The data section start

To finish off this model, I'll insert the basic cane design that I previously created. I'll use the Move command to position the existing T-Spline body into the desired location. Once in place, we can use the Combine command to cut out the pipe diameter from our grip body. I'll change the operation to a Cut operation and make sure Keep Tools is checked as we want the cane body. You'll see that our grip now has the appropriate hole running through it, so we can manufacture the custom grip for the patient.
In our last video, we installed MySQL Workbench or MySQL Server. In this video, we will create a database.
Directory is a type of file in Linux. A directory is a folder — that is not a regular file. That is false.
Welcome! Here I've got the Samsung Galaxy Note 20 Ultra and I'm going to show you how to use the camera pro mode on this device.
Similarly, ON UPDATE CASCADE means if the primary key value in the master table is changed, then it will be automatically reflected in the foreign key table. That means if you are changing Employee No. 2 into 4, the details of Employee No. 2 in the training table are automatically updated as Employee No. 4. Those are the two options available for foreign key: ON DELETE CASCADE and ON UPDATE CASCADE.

The data section end
The data section start

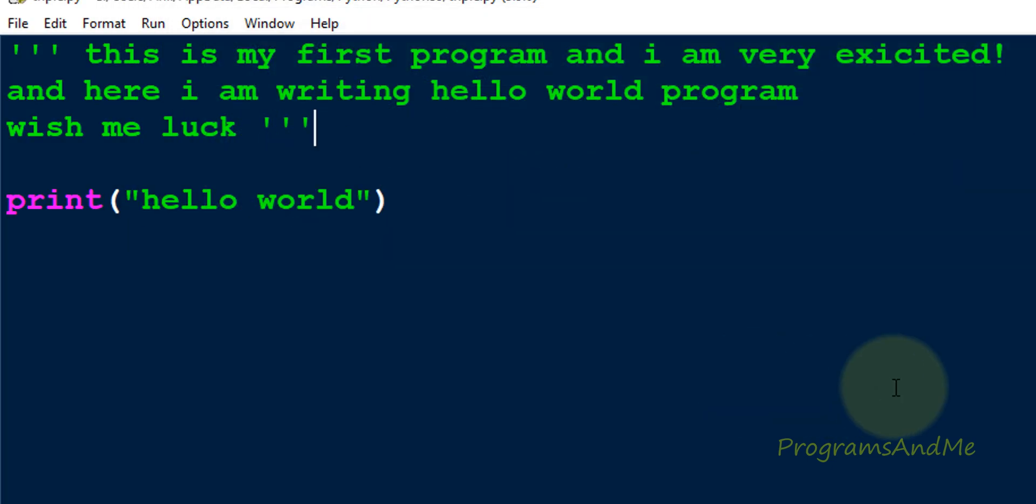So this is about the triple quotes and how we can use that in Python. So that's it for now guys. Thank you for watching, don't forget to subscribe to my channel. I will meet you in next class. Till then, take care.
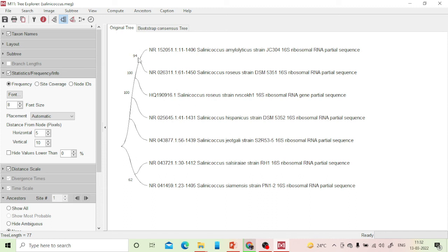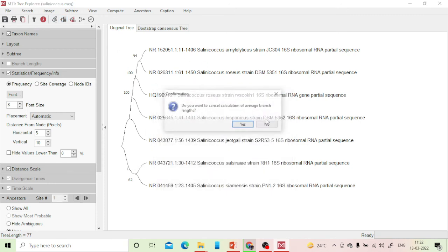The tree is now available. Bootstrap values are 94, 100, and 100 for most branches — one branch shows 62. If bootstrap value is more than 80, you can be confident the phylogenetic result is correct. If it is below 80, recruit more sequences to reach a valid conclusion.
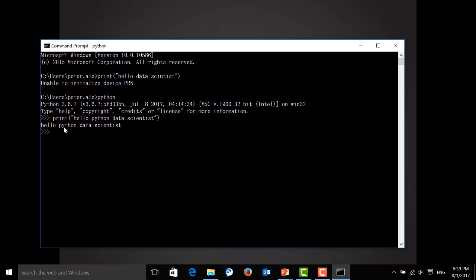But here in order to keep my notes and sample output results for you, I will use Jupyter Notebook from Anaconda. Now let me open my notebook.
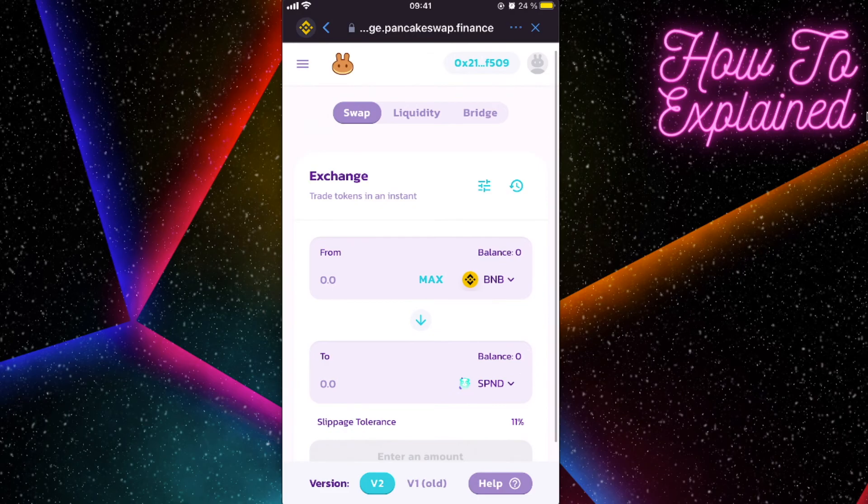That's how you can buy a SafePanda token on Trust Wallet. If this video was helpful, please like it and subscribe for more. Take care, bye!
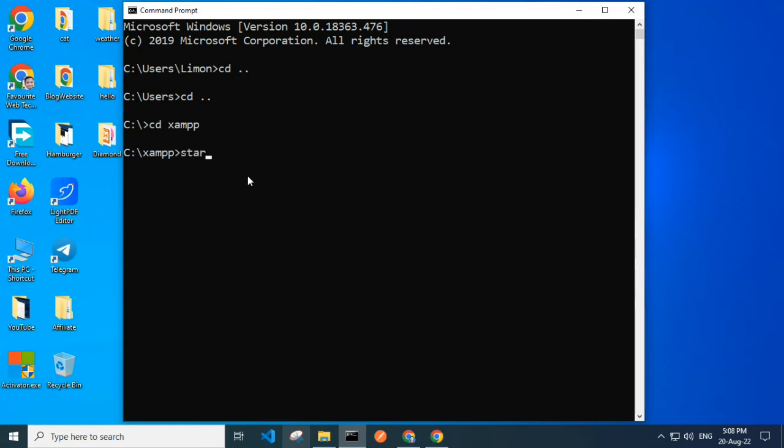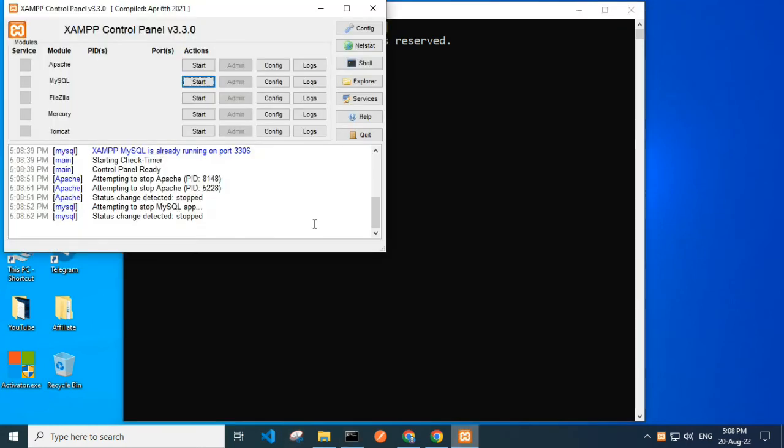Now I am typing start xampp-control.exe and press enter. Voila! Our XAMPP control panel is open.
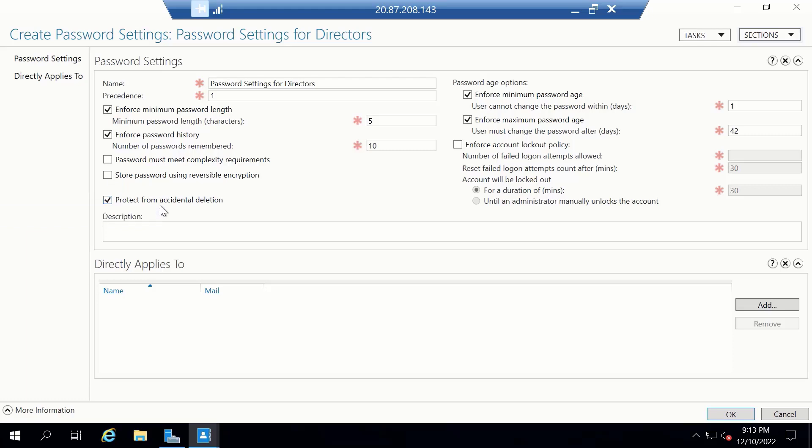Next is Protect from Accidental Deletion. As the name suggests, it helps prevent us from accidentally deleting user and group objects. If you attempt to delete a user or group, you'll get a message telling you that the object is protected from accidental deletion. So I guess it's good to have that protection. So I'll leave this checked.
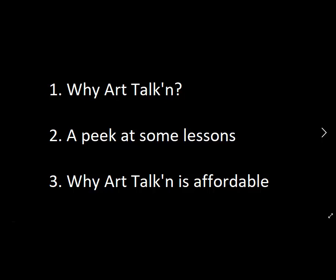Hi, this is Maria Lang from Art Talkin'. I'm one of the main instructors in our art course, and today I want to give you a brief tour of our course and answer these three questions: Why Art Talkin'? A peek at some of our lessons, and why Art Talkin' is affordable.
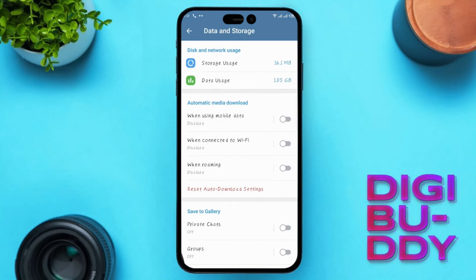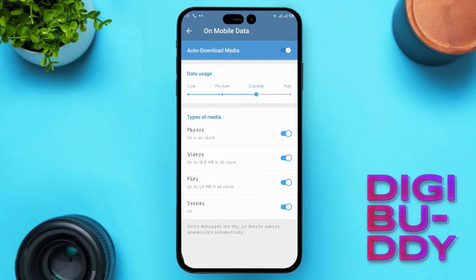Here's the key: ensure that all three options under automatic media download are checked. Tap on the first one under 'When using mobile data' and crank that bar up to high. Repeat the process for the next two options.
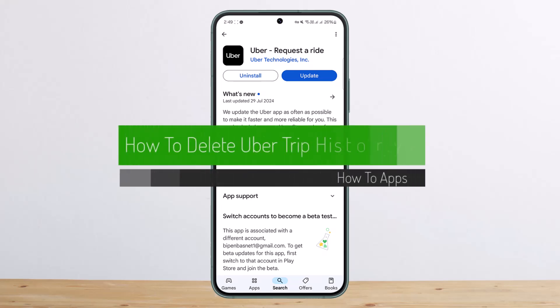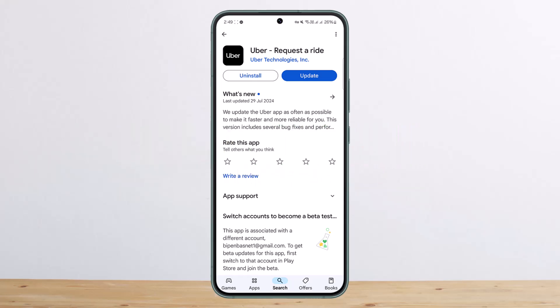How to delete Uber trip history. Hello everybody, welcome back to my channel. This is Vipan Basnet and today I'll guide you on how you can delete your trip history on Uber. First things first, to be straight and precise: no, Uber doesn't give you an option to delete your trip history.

The data section end
The data section start

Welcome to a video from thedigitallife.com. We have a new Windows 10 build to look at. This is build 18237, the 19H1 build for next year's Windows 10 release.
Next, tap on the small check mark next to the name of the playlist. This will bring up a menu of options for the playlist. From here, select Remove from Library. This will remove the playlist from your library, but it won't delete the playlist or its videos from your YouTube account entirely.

The data section end

To do: Restate word for word the entries above from the line with "In our last" through the line with "Welcome! Here I've", inclusive, leaving out everything else.

Answer box:
In our last video, we installed MySQL Workbench or MySQL Server. In this video, we will create a database.
Directory is a type of file in Linux. A directory is a folder — that is not a regular file. That is false.
Welcome! Here I've got the Samsung Galaxy Note 20 Ultra and I'm going to show you how to use the camera pro mode on this device.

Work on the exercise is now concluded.